**WHAT YOU NEED TO DO**
Every line of the material must be written out again unchanged.

**DATA**
- Opening Delimiter -
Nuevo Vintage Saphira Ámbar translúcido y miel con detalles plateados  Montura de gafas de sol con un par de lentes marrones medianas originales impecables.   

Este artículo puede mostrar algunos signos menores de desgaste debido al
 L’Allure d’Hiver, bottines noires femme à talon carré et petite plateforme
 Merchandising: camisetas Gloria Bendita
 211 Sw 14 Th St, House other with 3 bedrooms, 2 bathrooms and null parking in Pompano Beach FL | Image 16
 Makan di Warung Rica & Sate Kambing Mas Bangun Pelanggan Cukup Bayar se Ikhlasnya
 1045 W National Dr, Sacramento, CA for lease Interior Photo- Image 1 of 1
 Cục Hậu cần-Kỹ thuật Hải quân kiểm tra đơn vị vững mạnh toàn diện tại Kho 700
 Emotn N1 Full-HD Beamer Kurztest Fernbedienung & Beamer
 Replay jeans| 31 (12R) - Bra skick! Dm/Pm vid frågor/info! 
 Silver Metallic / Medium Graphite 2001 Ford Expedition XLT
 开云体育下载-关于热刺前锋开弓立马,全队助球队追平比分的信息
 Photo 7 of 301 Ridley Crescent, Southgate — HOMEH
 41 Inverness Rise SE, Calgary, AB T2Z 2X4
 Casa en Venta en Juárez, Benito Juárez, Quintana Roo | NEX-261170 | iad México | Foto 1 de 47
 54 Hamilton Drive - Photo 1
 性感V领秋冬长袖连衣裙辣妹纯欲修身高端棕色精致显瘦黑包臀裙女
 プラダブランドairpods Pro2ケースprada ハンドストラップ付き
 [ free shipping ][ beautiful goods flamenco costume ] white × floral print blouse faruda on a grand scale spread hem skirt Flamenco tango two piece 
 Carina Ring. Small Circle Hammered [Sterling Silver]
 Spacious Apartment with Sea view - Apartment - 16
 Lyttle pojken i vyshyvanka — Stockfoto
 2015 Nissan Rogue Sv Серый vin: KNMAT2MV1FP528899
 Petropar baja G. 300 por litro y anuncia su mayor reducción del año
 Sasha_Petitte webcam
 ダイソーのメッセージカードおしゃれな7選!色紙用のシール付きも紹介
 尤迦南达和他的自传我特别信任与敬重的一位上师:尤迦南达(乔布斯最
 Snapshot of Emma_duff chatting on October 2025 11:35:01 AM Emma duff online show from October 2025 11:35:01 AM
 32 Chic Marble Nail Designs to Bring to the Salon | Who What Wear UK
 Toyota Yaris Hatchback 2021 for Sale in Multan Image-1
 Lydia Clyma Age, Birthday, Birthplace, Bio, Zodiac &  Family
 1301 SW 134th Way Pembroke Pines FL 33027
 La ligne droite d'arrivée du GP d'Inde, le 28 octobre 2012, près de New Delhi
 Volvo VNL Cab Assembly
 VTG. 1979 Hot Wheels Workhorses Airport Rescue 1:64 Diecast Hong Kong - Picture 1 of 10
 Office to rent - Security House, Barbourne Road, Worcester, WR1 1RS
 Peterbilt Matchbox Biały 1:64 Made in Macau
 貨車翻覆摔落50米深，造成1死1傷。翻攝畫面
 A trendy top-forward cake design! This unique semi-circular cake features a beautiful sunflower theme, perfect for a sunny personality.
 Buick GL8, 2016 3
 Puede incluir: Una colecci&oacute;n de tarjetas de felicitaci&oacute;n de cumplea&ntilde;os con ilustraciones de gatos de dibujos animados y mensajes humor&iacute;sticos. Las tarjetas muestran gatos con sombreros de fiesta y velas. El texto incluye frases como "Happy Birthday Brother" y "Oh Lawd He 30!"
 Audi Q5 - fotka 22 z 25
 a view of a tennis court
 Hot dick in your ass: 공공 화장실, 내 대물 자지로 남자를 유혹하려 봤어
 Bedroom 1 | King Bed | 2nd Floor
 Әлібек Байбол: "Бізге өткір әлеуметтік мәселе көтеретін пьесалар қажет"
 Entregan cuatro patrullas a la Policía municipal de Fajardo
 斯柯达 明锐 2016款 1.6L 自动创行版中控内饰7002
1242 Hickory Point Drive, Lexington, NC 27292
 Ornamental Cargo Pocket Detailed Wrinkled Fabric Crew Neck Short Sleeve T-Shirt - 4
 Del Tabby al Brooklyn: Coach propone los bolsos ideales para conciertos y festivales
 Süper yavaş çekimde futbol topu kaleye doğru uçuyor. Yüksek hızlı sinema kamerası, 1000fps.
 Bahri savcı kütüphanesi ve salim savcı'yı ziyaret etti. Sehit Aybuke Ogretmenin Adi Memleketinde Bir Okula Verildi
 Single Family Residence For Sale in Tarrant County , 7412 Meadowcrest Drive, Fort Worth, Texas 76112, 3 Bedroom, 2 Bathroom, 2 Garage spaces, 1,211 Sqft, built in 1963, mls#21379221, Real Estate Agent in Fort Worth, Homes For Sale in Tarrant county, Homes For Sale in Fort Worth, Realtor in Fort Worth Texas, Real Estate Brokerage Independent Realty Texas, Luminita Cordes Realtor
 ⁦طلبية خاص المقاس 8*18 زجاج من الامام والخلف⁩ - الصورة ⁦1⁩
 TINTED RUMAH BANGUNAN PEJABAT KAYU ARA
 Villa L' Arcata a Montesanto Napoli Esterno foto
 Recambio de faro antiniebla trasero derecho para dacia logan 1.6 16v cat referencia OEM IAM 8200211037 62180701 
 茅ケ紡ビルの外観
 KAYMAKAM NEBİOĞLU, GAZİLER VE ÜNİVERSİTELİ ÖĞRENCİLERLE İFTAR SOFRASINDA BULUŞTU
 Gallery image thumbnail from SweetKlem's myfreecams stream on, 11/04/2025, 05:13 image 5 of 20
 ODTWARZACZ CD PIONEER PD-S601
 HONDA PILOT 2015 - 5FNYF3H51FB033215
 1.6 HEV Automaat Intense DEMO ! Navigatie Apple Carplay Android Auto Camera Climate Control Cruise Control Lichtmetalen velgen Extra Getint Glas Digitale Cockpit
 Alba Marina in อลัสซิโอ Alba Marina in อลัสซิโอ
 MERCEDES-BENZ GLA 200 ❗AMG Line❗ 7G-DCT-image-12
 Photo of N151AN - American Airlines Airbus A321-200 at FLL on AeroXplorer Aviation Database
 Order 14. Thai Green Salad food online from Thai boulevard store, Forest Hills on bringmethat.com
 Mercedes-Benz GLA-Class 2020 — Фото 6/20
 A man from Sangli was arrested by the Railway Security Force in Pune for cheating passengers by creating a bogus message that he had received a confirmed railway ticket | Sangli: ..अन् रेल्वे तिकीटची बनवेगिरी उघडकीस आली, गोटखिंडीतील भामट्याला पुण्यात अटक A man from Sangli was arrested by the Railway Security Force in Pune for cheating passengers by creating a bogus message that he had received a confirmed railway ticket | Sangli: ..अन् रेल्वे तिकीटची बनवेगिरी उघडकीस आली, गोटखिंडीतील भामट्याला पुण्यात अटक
- Closing Delimiter -
**OUTPUT BELOW**
Nuevo Vintage Saphira Ámbar translúcido y miel con detalles plateados  Montura de gafas de sol con un par de lentes marrones medianas originales impecables.   

Este artículo puede mostrar algunos signos menores de desgaste debido al
 L’Allure d’Hiver, bottines noires femme à talon carré et petite plateforme
 Merchandising: camisetas Gloria Bendita
 211 Sw 14 Th St, House other with 3 bedrooms, 2 bathrooms and null parking in Pompano Beach FL | Image 16
 Makan di Warung Rica & Sate Kambing Mas Bangun Pelanggan Cukup Bayar se Ikhlasnya
 1045 W National Dr, Sacramento, CA for lease Interior Photo- Image 1 of 1
 Cục Hậu cần-Kỹ thuật Hải quân kiểm tra đơn vị vững mạnh toàn diện tại Kho 700
 Emotn N1 Full-HD Beamer Kurztest Fernbedienung & Beamer
 Replay jeans| 31 (12R) - Bra skick! Dm/Pm vid frågor/info! 
 Silver Metallic / Medium Graphite 2001 Ford Expedition XLT
 开云体育下载-关于热刺前锋开弓立马,全队助球队追平比分的信息
 Photo 7 of 301 Ridley Crescent, Southgate — HOMEH
 41 Inverness Rise SE, Calgary, AB T2Z 2X4
 Casa en Venta en Juárez, Benito Juárez, Quintana Roo | NEX-261170 | iad México | Foto 1 de 47
 54 Hamilton Drive - Photo 1
 性感V领秋冬长袖连衣裙辣妹纯欲修身高端棕色精致显瘦黑包臀裙女
 プラダブランドairpods Pro2ケースprada ハンドストラップ付き
 [ free shipping ][ beautiful goods flamenco costume ] white × floral print blouse faruda on a grand scale spread hem skirt Flamenco tango two piece 
 Carina Ring. Small Circle Hammered [Sterling Silver]
 Spacious Apartment with Sea view - Apartment - 16
 Lyttle pojken i vyshyvanka — Stockfoto
 2015 Nissan Rogue Sv Серый vin: KNMAT2MV1FP528899
 Petropar baja G. 300 por litro y anuncia su mayor reducción del año
 Sasha_Petitte webcam
 ダイソーのメッセージカードおしゃれな7選!色紙用のシール付きも紹介
 尤迦南达和他的自传我特别信任与敬重的一位上师:尤迦南达(乔布斯最
 Snapshot of Emma_duff chatting on October 2025 11:35:01 AM Emma duff online show from October 2025 11:35:01 AM
 32 Chic Marble Nail Designs to Bring to the Salon | Who What Wear UK
 Toyota Yaris Hatchback 2021 for Sale in Multan Image-1
 Lydia Clyma Age, Birthday, Birthplace, Bio, Zodiac &  Family
 1301 SW 134th Way Pembroke Pines FL 33027
 La ligne droite d'arrivée du GP d'Inde, le 28 octobre 2012, près de New Delhi
 Volvo VNL Cab Assembly
 VTG. 1979 Hot Wheels Workhorses Airport Rescue 1:64 Diecast Hong Kong - Picture 1 of 10
 Office to rent - Security House, Barbourne Road, Worcester, WR1 1RS
 Peterbilt Matchbox Biały 1:64 Made in Macau
 貨車翻覆摔落50米深，造成1死1傷。翻攝畫面
 A trendy top-forward cake design! This unique semi-circular cake features a beautiful sunflower theme, perfect for a sunny personality.
 Buick GL8, 2016 3
 Puede incluir: Una colecci&oacute;n de tarjetas de felicitaci&oacute;n de cumplea&ntilde;os con ilustraciones de gatos de dibujos animados y mensajes humor&iacute;sticos. Las tarjetas muestran gatos con sombreros de fiesta y velas. El texto incluye frases como "Happy Birthday Brother" y "Oh Lawd He 30!"
 Audi Q5 - fotka 22 z 25
 a view of a tennis court
 Hot dick in your ass: 공공 화장실, 내 대물 자지로 남자를 유혹하려 봤어
 Bedroom 1 | King Bed | 2nd Floor
 Әлібек Байбол: "Бізге өткір әлеуметтік мәселе көтеретін пьесалар қажет"
 Entregan cuatro patrullas a la Policía municipal de Fajardo
 斯柯达 明锐 2016款 1.6L 自动创行版中控内饰7002
1242 Hickory Point Drive, Lexington, NC 27292
 Ornamental Cargo Pocket Detailed Wrinkled Fabric Crew Neck Short Sleeve T-Shirt - 4
 Del Tabby al Brooklyn: Coach propone los bolsos ideales para conciertos y festivales
 Süper yavaş çekimde futbol topu kaleye doğru uçuyor. Yüksek hızlı sinema kamerası, 1000fps.
 Bahri savcı kütüphanesi ve salim savcı'yı ziyaret etti. Sehit Aybuke Ogretmenin Adi Memleketinde Bir Okula Verildi
 Single Family Residence For Sale in Tarrant County , 7412 Meadowcrest Drive, Fort Worth, Texas 76112, 3 Bedroom, 2 Bathroom, 2 Garage spaces, 1,211 Sqft, built in 1963, mls#21379221, Real Estate Agent in Fort Worth, Homes For Sale in Tarrant county, Homes For Sale in Fort Worth, Realtor in Fort Worth Texas, Real Estate Brokerage Independent Realty Texas, Luminita Cordes Realtor
 ⁦طلبية خاص المقاس 8*18 زجاج من الامام والخلف⁩ - الصورة ⁦1⁩
 TINTED RUMAH BANGUNAN PEJABAT KAYU ARA
 Villa L' Arcata a Montesanto Napoli Esterno foto
 Recambio de faro antiniebla trasero derecho para dacia logan 1.6 16v cat referencia OEM IAM 8200211037 62180701 
 茅ケ紡ビルの外観
 KAYMAKAM NEBİOĞLU, GAZİLER VE ÜNİVERSİTELİ ÖĞRENCİLERLE İFTAR SOFRASINDA BULUŞTU
 Gallery image thumbnail from SweetKlem's myfreecams stream on, 11/04/2025, 05:13 image 5 of 20
 ODTWARZACZ CD PIONEER PD-S601
 HONDA PILOT 2015 - 5FNYF3H51FB033215
 1.6 HEV Automaat Intense DEMO ! Navigatie Apple Carplay Android Auto Camera Climate Control Cruise Control Lichtmetalen velgen Extra Getint Glas Digitale Cockpit
 Alba Marina in อลัสซิโอ Alba Marina in อลัสซิโอ
 MERCEDES-BENZ GLA 200 ❗AMG Line❗ 7G-DCT-image-12
 Photo of N151AN - American Airlines Airbus A321-200 at FLL on AeroXplorer Aviation Database
 Order 14. Thai Green Salad food online from Thai boulevard store, Forest Hills on bringmethat.com
 Mercedes-Benz GLA-Class 2020 — Фото 6/20
 A man from Sangli was arrested by the Railway Security Force in Pune for cheating passengers by creating a bogus message that he had received a confirmed railway ticket | Sangli: ..अन् रेल्वे तिकीटची बनवेगिरी उघडकीस आली, गोटखिंडीतील भामट्याला पुण्यात अटक A man from Sangli was arrested by the Railway Security Force in Pune for cheating passengers by creating a bogus message that he had received a confirmed railway ticket | Sangli: ..अन् रेल्वे तिकीटची बनवेगिरी उघडकीस आली, गोटखिंडीतील भामट्याला पुण्यात अटक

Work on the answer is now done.